Please, in the data that follows, copy exactly the lines from the line with "Mercedes 50-Seater Bus" through the last one, both included. Do not include pictures.

***** RECORDED DATA

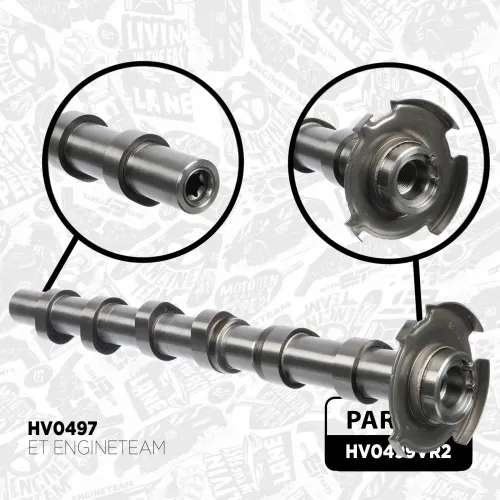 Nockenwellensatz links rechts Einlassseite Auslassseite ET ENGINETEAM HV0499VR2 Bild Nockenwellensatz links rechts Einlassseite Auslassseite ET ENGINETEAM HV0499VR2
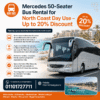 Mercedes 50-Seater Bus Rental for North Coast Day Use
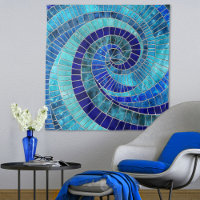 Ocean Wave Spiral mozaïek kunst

**********

SOLUTION TO THIS PROBLEM:
 Mercedes 50-Seater Bus Rental for North Coast Day Use
 Ocean Wave Spiral mozaïek kunst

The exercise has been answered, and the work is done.